◆ Input records ◆
**********

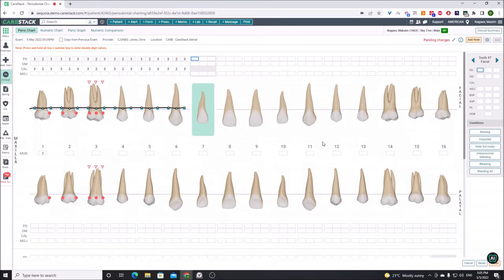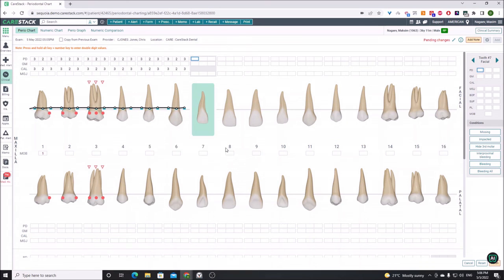We can see it goes right along and can chart all the various pathologies and conditions. We can also jump around the chart to navigate. That's it — it's very easy to use.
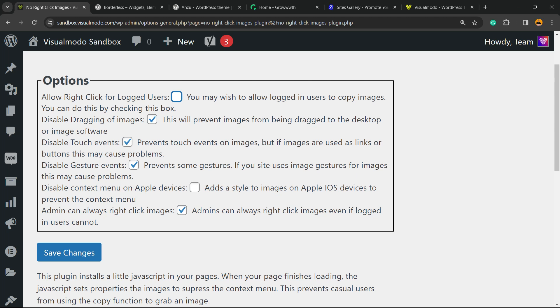Disable touch events prevents touch events on images, but if images are used as links or buttons, they may cause problems. I recommend keeping this enabled. Disable gesture events. Disable context menu on Apple devices—up to you.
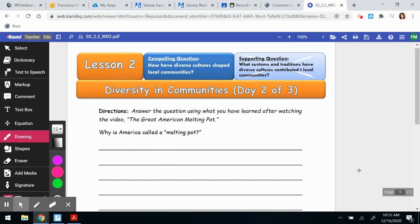Hi, boys and girls. Today we are on the next lesson in our mini social studies unit. We're going to continue learning about diversity. This is the page you should be on in your workbook, and it is page six.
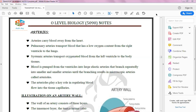Arteries branch from the ventricle into large elastic arteries, then branch repeatedly into smaller and smaller arteries. The diameter of the artery shrinks as it divides again and again, until it converts into microscopic arteries called arterioles, and after the arterioles it converts into capillaries, where the exchange of materials takes place.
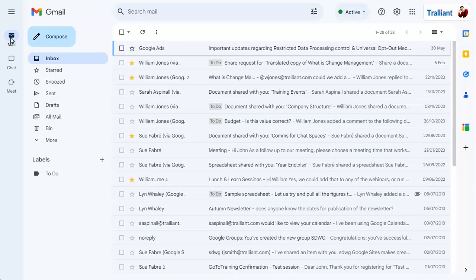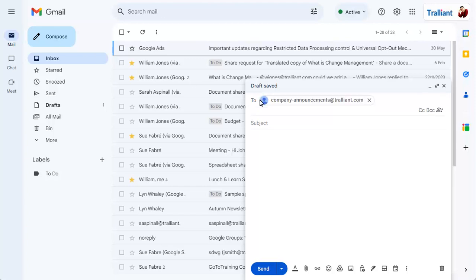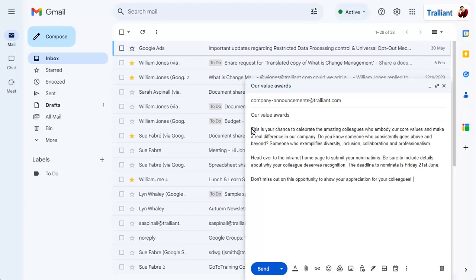Compose your email as normal, pasting the email address into the To line. Add a subject and the email content, then send as normal.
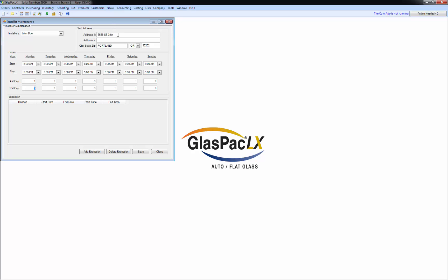And I also put in his start address. The start address is either going to be the shop, if they start out from your shop, or their home. I assume it's going to be usually one of those two. And you want to put the start address in there because that gives them a start pin on the map in the daily scheduler.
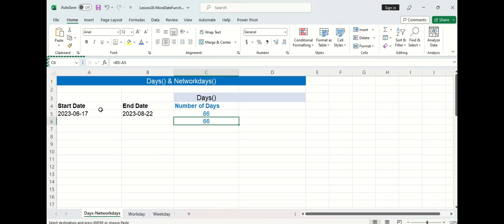Now the DAYS function counts the total number of days between two dates including weekends and holidays, but for this project we are only going to be working on weekdays and we want to take weekends and holidays off.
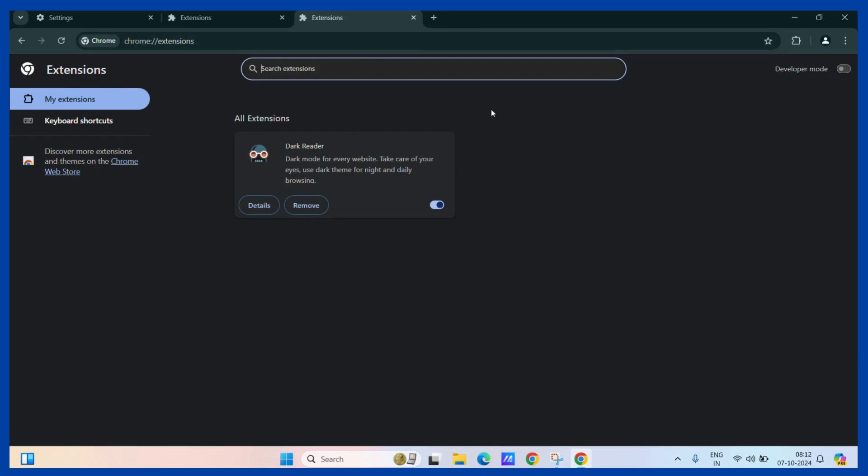So here we go. Now you have learned how to uninstall extensions from your Google Chrome.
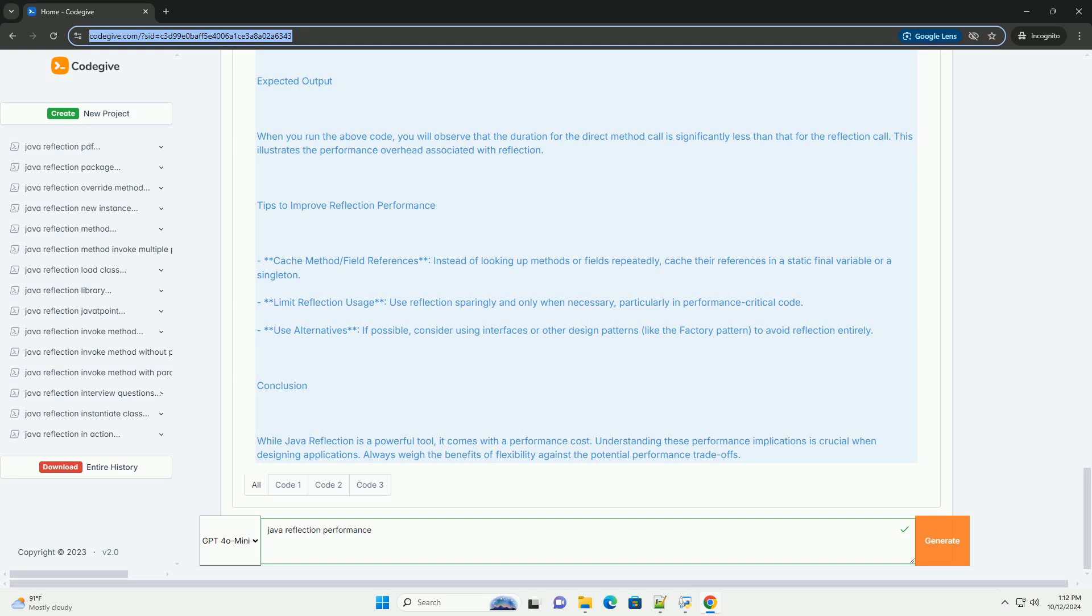Limit Reflection Usage - Use reflection sparingly and only when necessary, particularly in performance-critical code.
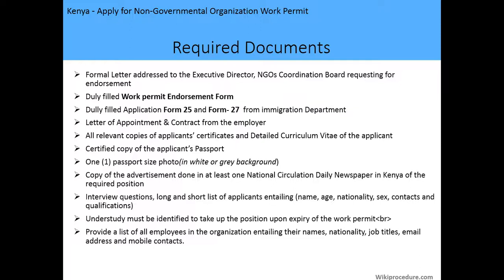You also need interview questions; a long and short list of applicants detailing name, age, sex, contact, and qualifications; an understudy who must be identified to take up the position upon expiry of the work permit — the understudy should be Kenyan; and a list of all employees in the organization detailing their names, nationality, job titles, email address, and mobile contacts.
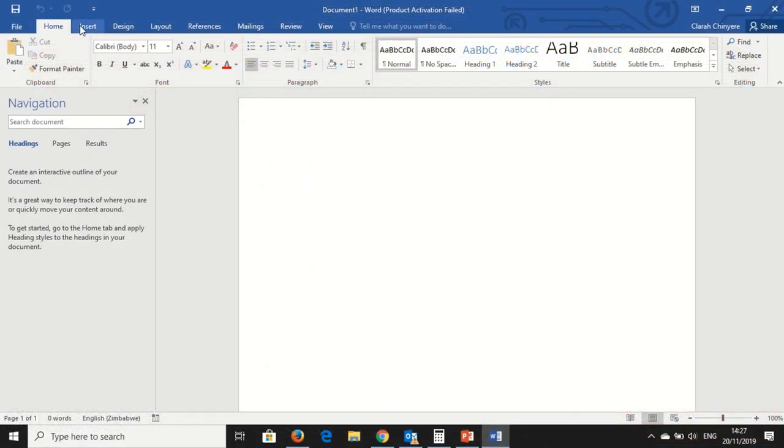There is the File, Home, Insert, Design, Layout, References, Mailings, Review and View tabs.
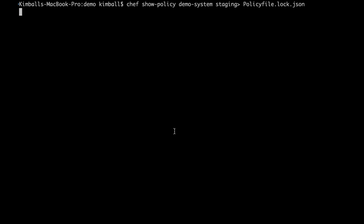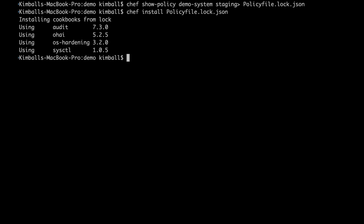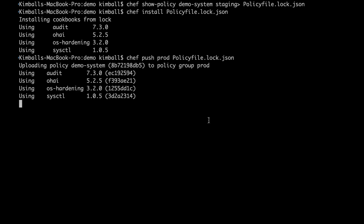We use three commands to do this. First, the Chef show policy command, which will download the policy from the Chef server and save it to a file. Next, using the Chef install command as we did before, we fetch the cookbooks and store them in the local cache. By passing the lock file to Chef install rather than the Ruby file, it will not try to recreate the lock file but instead use it to retrieve the exact versions we had in the policy originally. Finally, we push this lock file to the new group on the Chef server as before.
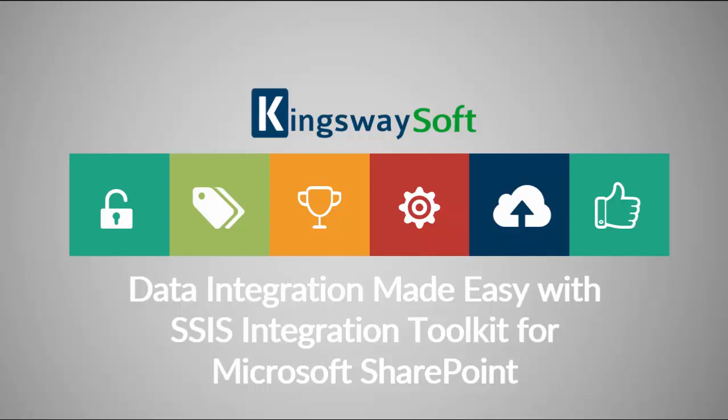Thank you for watching this video from Kingswaysoft. Today, I will be introducing the SSIS Integration Toolkit for Microsoft SharePoint.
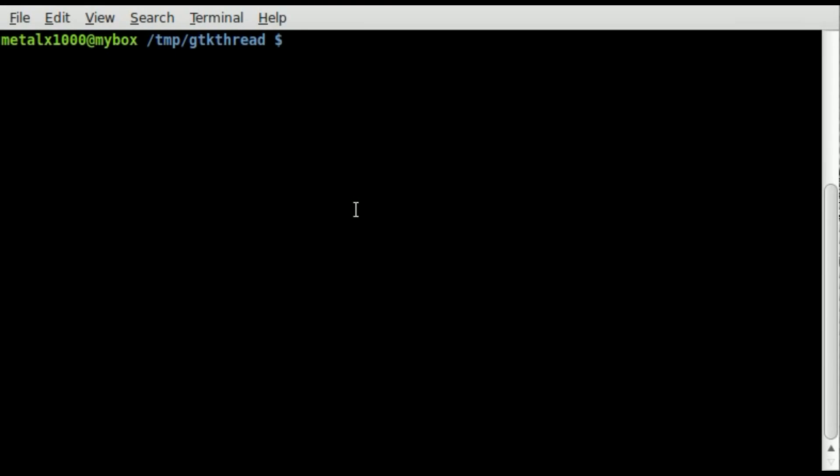Okay, we're going to be looking at Python GTK and threading today. We got a lot of typing to do. The first half is going to be basic review of creating some basic windows, and then we're going to add threading to it. So let's get started.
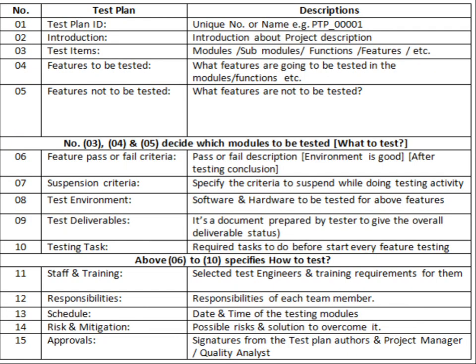This is a sample test plan template. Depending on the testing organization, they may follow different templates — there are different formats and different templates available. Depending on the organization, you may have different fields available in your test plan template. This sample test plan document mandatorily ensures the success of your software testing project.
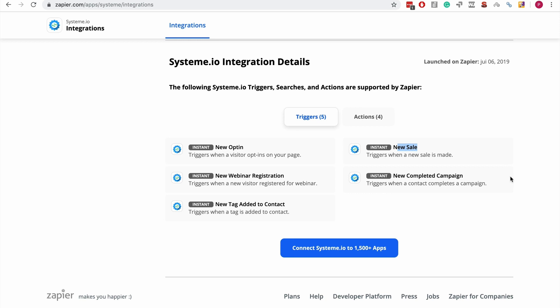That's just one example of something you can do with Zapier. It's a very powerful app because you can connect more than 1500 apps. Here are the triggers: you have new opt-in, when someone opts into a form or squeeze page; new sales, when someone actually bought something; new webinar registration for evergreen webinars in System.io; when someone completes a campaign; and when a new tag is added to a contact.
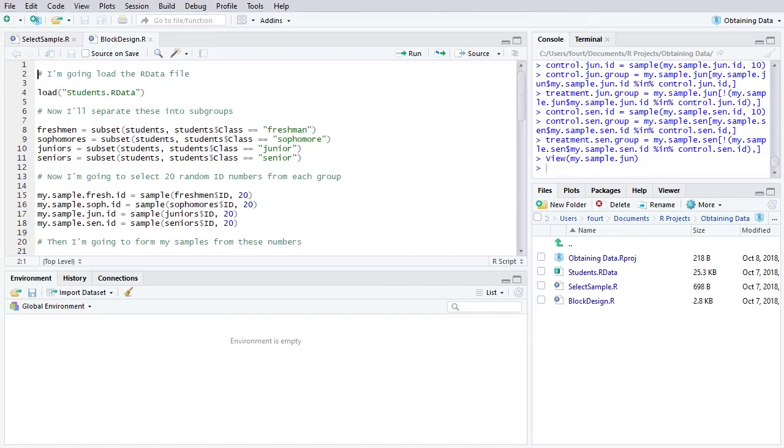We have not been doing any statistics in this video series, so you may look at the screen and say, why has he loaded R? Well, that's because R actually can help us when we are conducting an experiment.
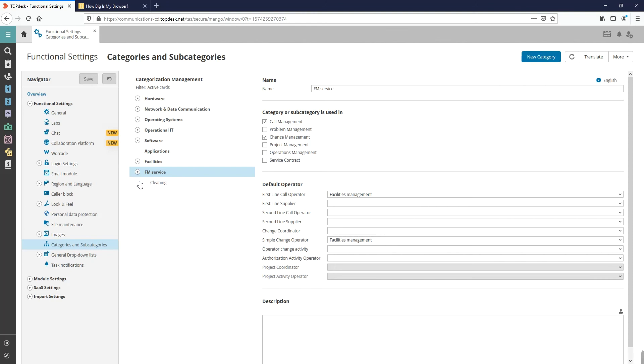The category settings are by default the same as the main category. It is still possible to change the default operator settings.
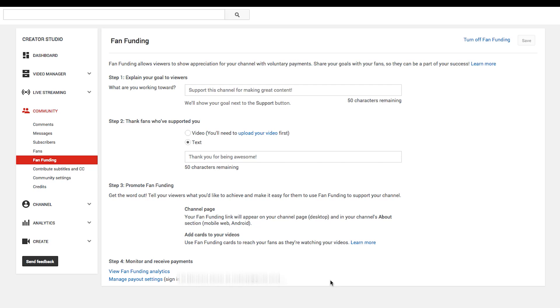I'm going to take you to my desktop and show you exactly where you can set this up for your own contributors on your channel. Come up here to your Creator Studio, go down to Community, click on that, and then click on Fan Funding. And you'll see this page right here.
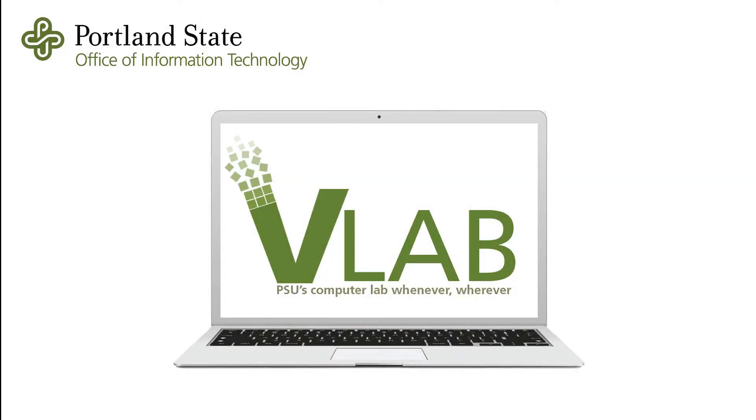Hello, and welcome to the Portland State University Virtual Computer Lab Experience. My name is Eric with the Office of Information Technology, and in this video I will guide you through steps to successfully log into the PSU vLab.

**********

Write out the whole listing exactly. Pictures stay out.

We can see it goes right along and can chart all the various pathologies and conditions. We can also jump around the chart to navigate. That's it — it's very easy to use.
Disable touch events prevents touch events on images, but if images are used as links or buttons, they may cause problems. I recommend keeping this enabled. Disable gesture events. Disable context menu on Apple devices—up to you.
Hi, boys and girls. Today we are on the next lesson in our mini social studies unit. We're going to continue learning about diversity. This is the page you should be on in your workbook, and it is page six.
Arteries branch from the ventricle into large elastic arteries, then branch repeatedly into smaller and smaller arteries. The diameter of the artery shrinks as it divides again and again, until it converts into microscopic arteries called arterioles, and after the arterioles it converts into capillaries, where the exchange of materials takes place.
Compose your email as normal, pasting the email address into the To line. Add a subject and the email content, then send as normal.
And I also put in his start address. The start address is either going to be the shop, if they start out from your shop, or their home. I assume it's going to be usually one of those two. And you want to put the start address in there because that gives them a start pin on the map in the daily scheduler.
Now the DAYS function counts the total number of days between two dates including weekends and holidays, but for this project we are only going to be working on weekdays and we want to take weekends and holidays off.
So here we go. Now you have learned how to uninstall extensions from your Google Chrome.
Limit Reflection Usage - Use reflection sparingly and only when necessary, particularly in performance-critical code.
You also need interview questions; a long and short list of applicants detailing name, age, sex, contact, and qualifications; an understudy who must be identified to take up the position upon expiry of the work permit — the understudy should be Kenyan; and a list of all employees in the organization detailing their names, nationality, job titles, email address, and mobile contacts.
There is the File, Home, Insert, Design, Layout, References, Mailings, Review and View tabs.
We use three commands to do this. First, the Chef show policy command, which will download the policy from the Chef server and save it to a file. Next, using the Chef install command as we did before, we fetch the cookbooks and store them in the local cache. By passing the lock file to Chef install rather than the Ruby file, it will not try to recreate the lock file but instead use it to retrieve the exact versions we had in the policy originally. Finally, we push this lock file to the new group on the Chef server as before.
Thank you for watching this video from Kingswaysoft. Today, I will be introducing the SSIS Integration Toolkit for Microsoft SharePoint.
Okay, we're going to be looking at Python GTK and threading today. We got a lot of typing to do. The first half is going to be basic review of creating some basic windows, and then we're going to add threading to it. So let's get started.
This is a sample test plan template. Depending on the testing organization, they may follow different templates — there are different formats and different templates available. Depending on the organization, you may have different fields available in your test plan template. This sample test plan document mandatorily ensures the success of your software testing project.
That's just one example of something you can do with Zapier. It's a very powerful app because you can connect more than 1500 apps. Here are the triggers: you have new opt-in, when someone opts into a form or squeeze page; new sales, when someone actually bought something; new webinar registration for evergreen webinars in System.io; when someone completes a campaign; and when a new tag is added to a contact.
We have not been doing any statistics in this video series, so you may look at the screen and say, why has he loaded R? Well, that's because R actually can help us when we are conducting an experiment.
The category settings are by default the same as the main category. It is still possible to change the default operator settings.
I'm going to take you to my desktop and show you exactly where you can set this up for your own contributors on your channel. Come up here to your Creator Studio, go down to Community, click on that, and then click on Fan Funding. And you'll see this page right here.
Hello, and welcome to the Portland State University Virtual Computer Lab Experience. My name is Eric with the Office of Information Technology, and in this video I will guide you through steps to successfully log into the PSU vLab.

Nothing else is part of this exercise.